It’s about opening the restaurant, running the restaurant and then, in December, closing the restaurant so it’s that journey interspersed with recipes and dishes from over the years.
Q: How have you chosen the recipes for it?
A couple are popular with regulars and a couple are for personal reasons.
There’s a dessert called ‘Fallen Leaves’ which is purely inspired from my father.
I used to be my father’s carer and the last walk we had was through Royden Park. I asked him to help me pick some leaves because I was doing an autumn display on the bar with fallen leaves and acorns.
The week after that he passed away so the dish I came up with was ‘Fallen Leaves’ and that’s quite important to me, so that’s in the book.

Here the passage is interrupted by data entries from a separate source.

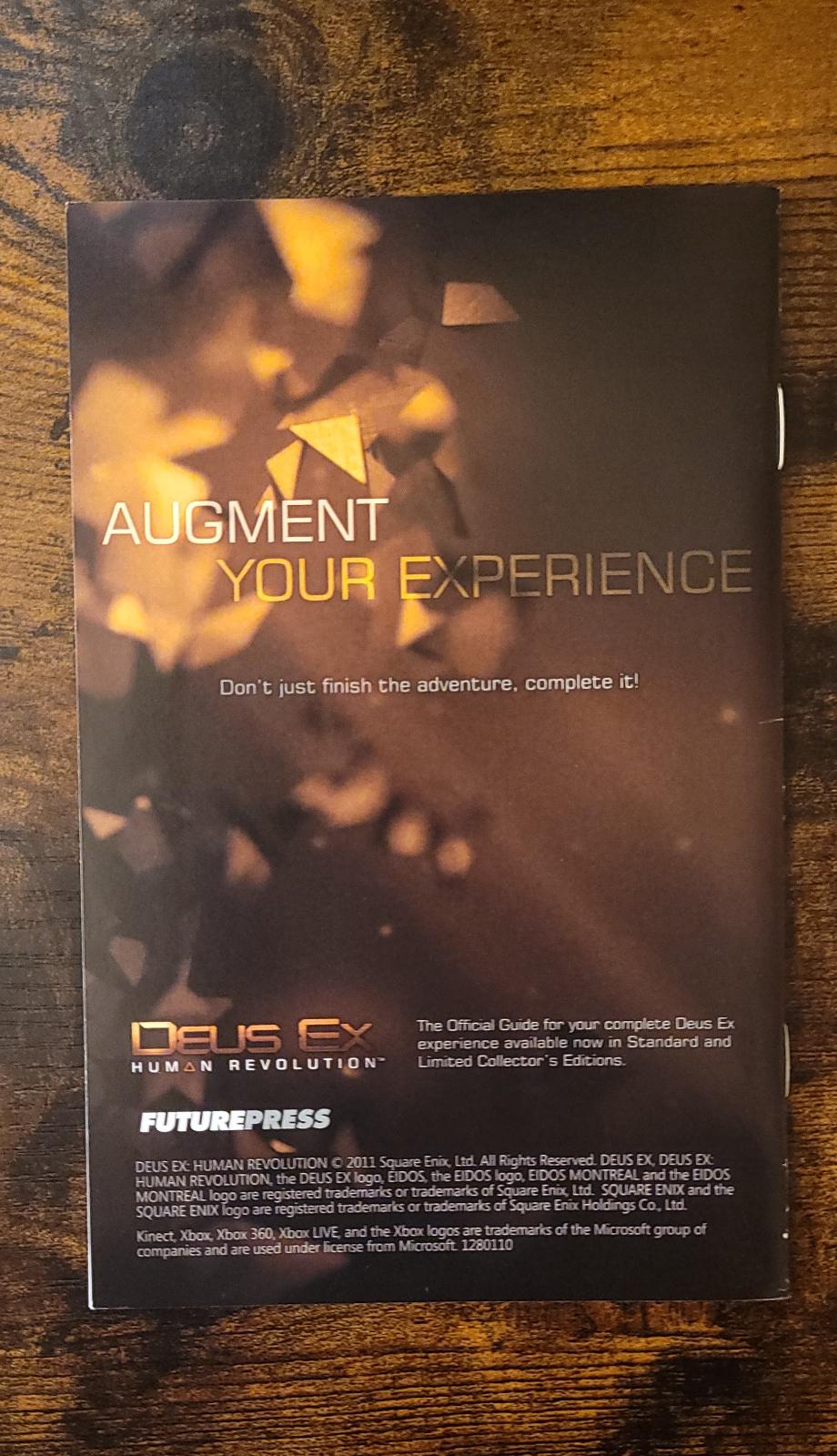 Deus Ex: Human Revolution - Xb360 - Used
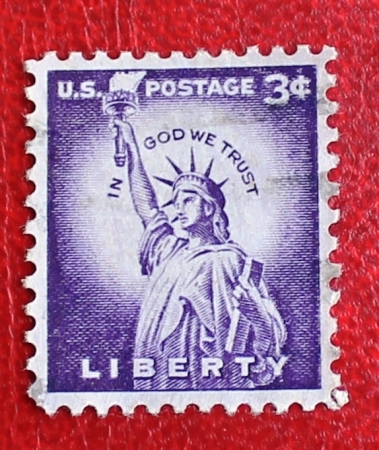 США 1954 Статуя Свободы Sc#1035 Used
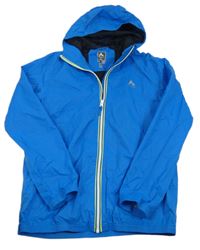 Cobaltově modrá kostkovaná šusťáková funkční jarní bunda s kapucí McKinley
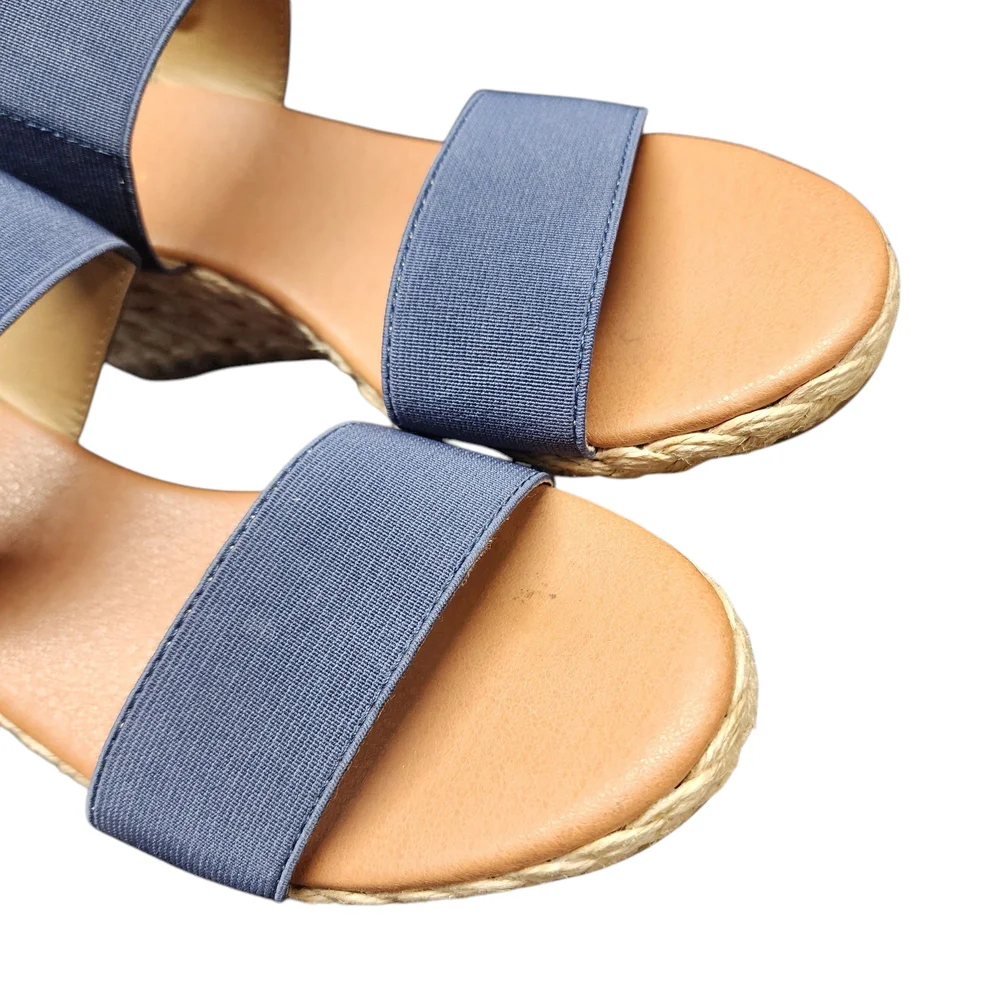 Tommy Bahama Blue Wedge Sandals Size 8.5‎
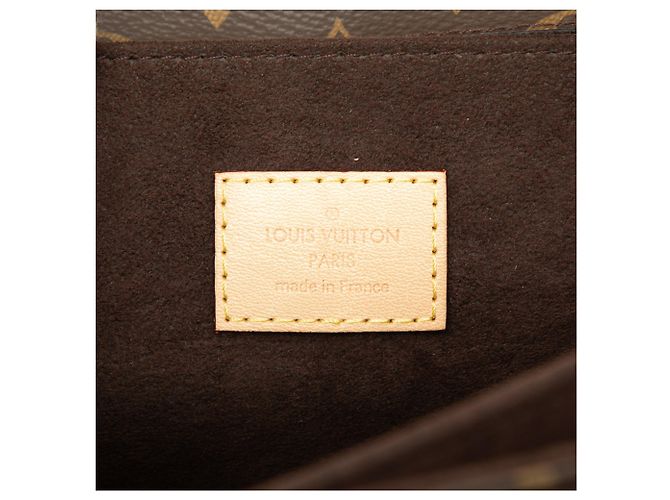 Louis Vuitton Brown Monogram Pochette Metis - vue 5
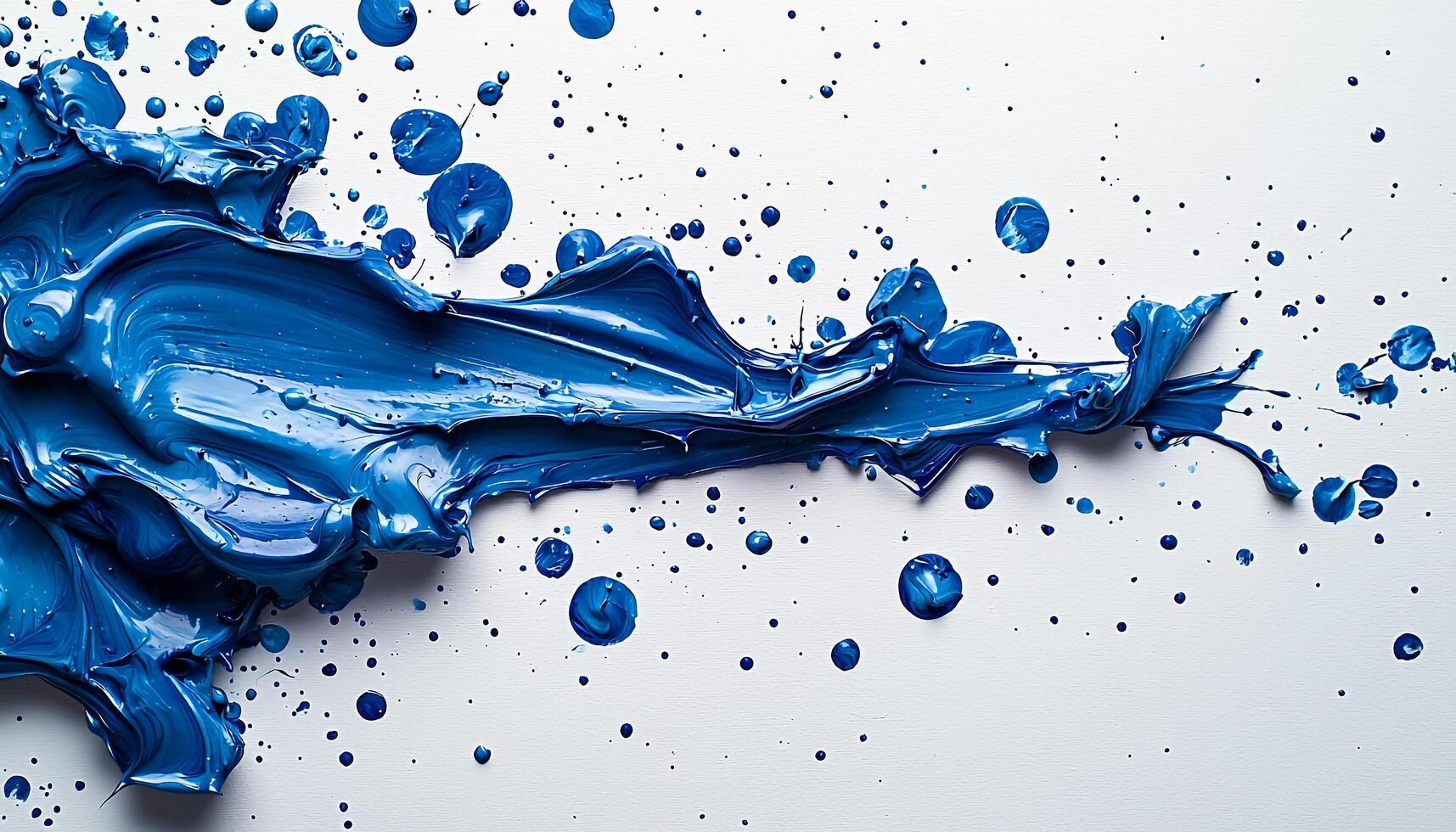 Splashing liquid paint creates vibrant colorful messy wave generated by AI photo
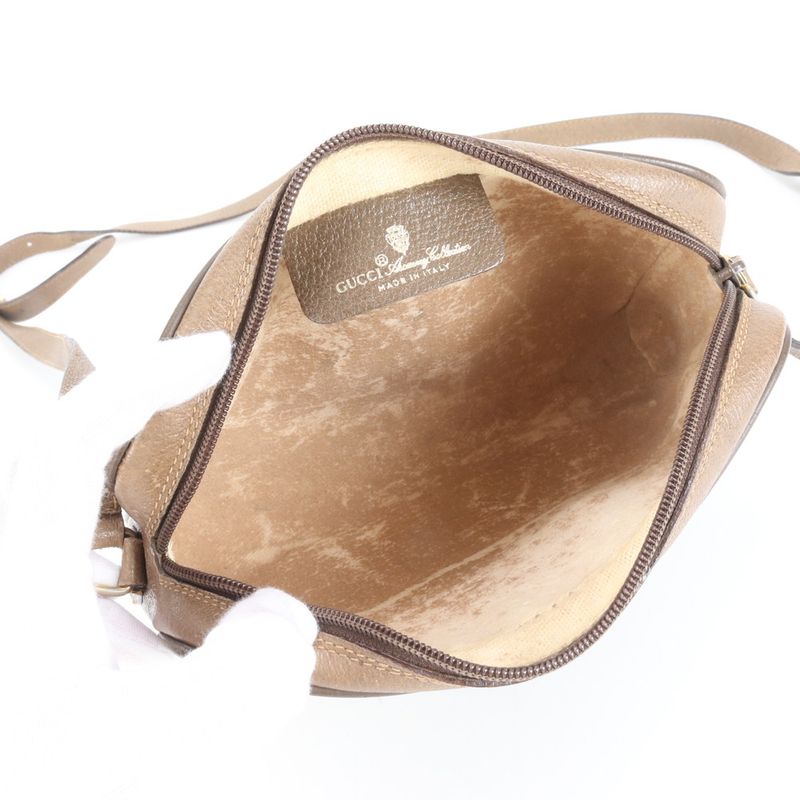 Vintage Old Gucci GG Supreme Sherry Leather Shoulder Bag Crossbody Women's RUE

Q: When is the book likely to come out?
In the new year, and it’s all on me now. We’ve got a good photographer on board and a good chap doing copywrite to convert my waffle into English so it’ll be nice. Hopefully it’ll give me some closure as well with the restaurant.
Q: So when the restaurant closes in December, is that it?
That’s it for Fraiche [in Oxton], yeah, but Fraiche will move. Fraiche is not dead, just the building.
Q: Have you got somewhere else lined up?
We’re in talks and I can’t say anything. No contracts are signed but I’m looking at something.
Q: What are your ambitions and goals as a chef and restauranteur now?
New horizons. It’ll be 15 years [of Fraiche] this December so no time like the present.
I think I’ve proved enough there so I am looking at a new challenge.